Credit conditions for firms still deteriorating

In a bleak assessment, the Bank’s network of regional agents said credit conditions for businesses have tightened over the last month, while firms that did secure finance reported that rates and fees have risen reports The Telegraph.

Businesses are “being actively encouraged to pay off outstanding loans”, according to the latest agents’ summary of business conditions, which surveyed firms between late April and the end of May.

Small companies are complaining about the fees being charged for undrawn overdraft facilities, the agents added.

There were also strong indications of a continued lack of demand for finance from businesses, with the focus still on paying down debts and the appetite to borrow often “very low”.

In a further sign of the general lack of confidence, companies are becoming more cautious about providing credit to firms in their supply chains.

Despite the lending constraints, the strongest applicants for finance actually found that “competition between lenders … had intensified”.

“Companies with strong balance sheets tended to be able to borrow at reasonable terms,” the agents noted.

Christopher Shaw, chief executive of alternative finance firm Platform Black, said banks had turned “off the tap on lending” for all but the very lowest credit risks.
“There’s a real danger that this will have a chilling effect on the economy, even before the recovery has taken root.

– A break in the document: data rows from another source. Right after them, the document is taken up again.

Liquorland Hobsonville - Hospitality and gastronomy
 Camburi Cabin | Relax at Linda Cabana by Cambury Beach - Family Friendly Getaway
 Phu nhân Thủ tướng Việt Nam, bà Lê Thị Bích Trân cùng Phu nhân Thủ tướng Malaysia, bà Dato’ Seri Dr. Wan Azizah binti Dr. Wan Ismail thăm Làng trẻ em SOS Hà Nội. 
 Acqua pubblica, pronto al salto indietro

“For the economy to start growing in earnest, [small businesses] need to grow and to grow they need funds. Currently, those funds simply aren’t there. The engine of the economy needs fuel but it’s simply not getting it.”

Separately, there were signs that the debt crisis in the eurozone is hitting British exports, with the agents noting that sales to Europe “had weakened materially” over the last month while the prospect of a further strengthening of the pound is causing “widespread concerns” among exporters.

However, overall exports “grew steadily”, driven by increased demand in a number of emerging markets, especially for luxury goods in China and Russia, investment in energy and infrastructure in the Middle East and mining in Africa.
More companies are looking abroad for the first time, the agents said, with the focus on “rapid growth markets” to offset weak demand at home.